## Task goal
Find the line below with "Cabrito anão 4 meses". Print it and every line after it exactly, through the last line, leaving out the pictures.

Stored items from a collection

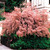 4 Impact Shrub Collection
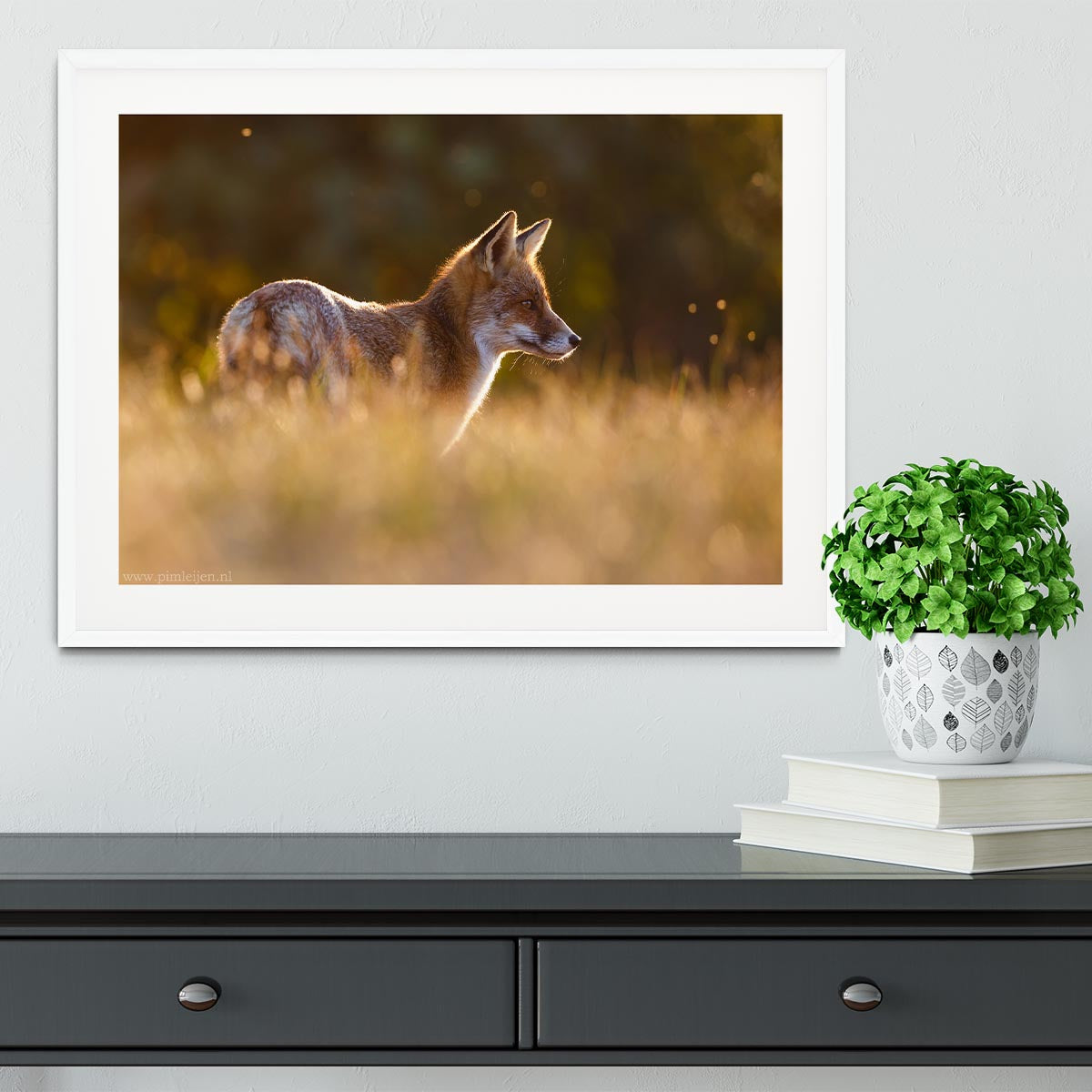 Last Light Fox Framed Print - 1x - 5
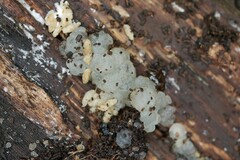 Myxarium nucleatum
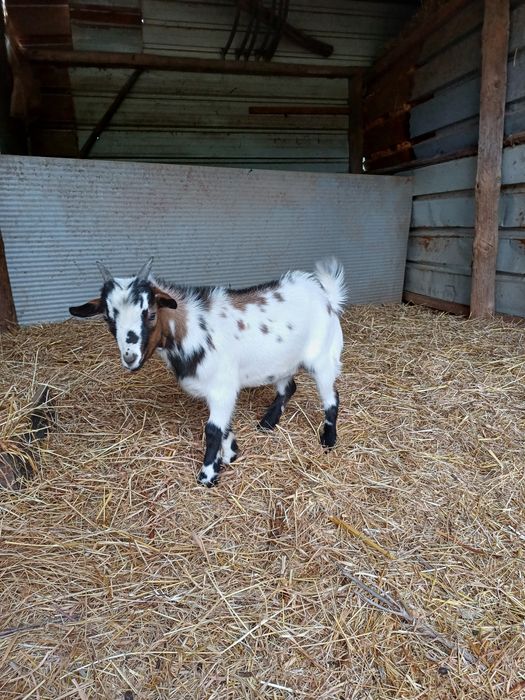 Cabrito anão 4 meses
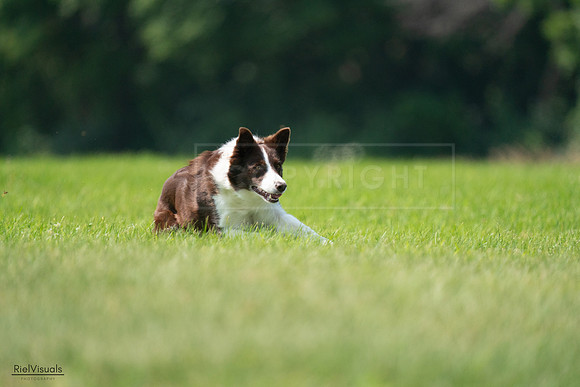 RielVisuals_20240727_115632_SJR04379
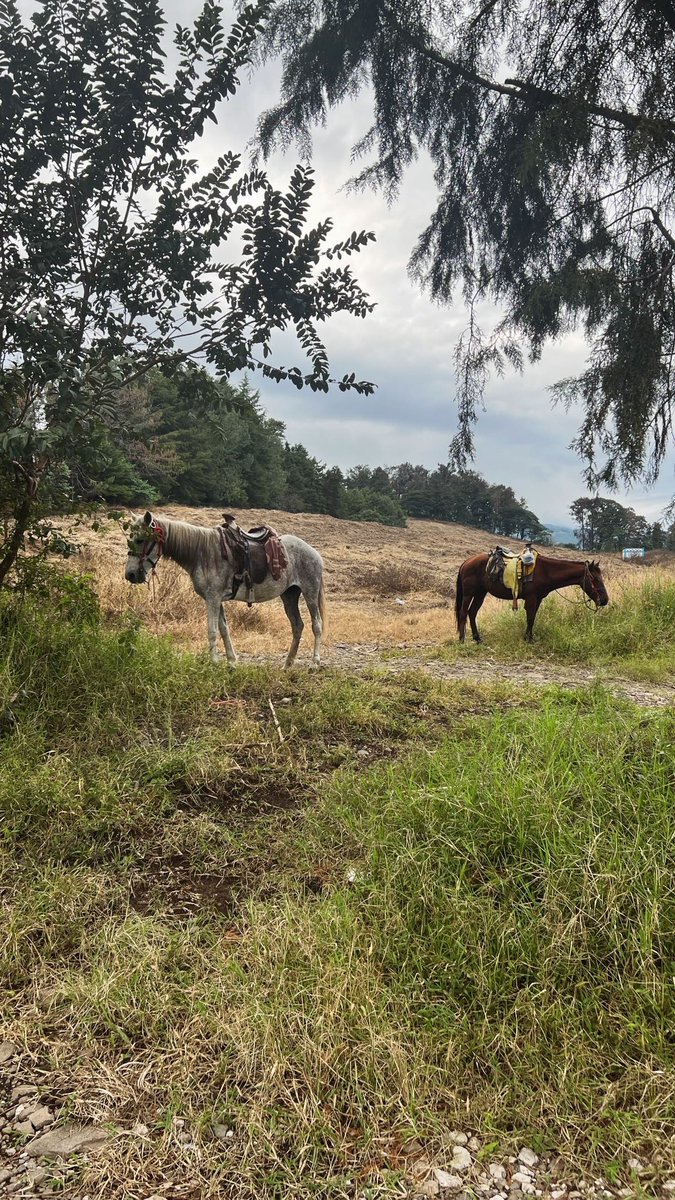 Riding from the jungle to my uncle’s ranch.  🤠 (Limited pictures especially during in the depth of the jungle as I was absolutely terrified of me and the horse falling off a cliff 🥴😅) 🐴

## Reply to the exercise
 Cabrito anão 4 meses
 RielVisuals_20240727_115632_SJR04379
 Riding from the jungle to my uncle’s ranch.  🤠 (Limited pictures especially during in the depth of the jungle as I was absolutely terrified of me and the horse falling off a cliff 🥴😅) 🐴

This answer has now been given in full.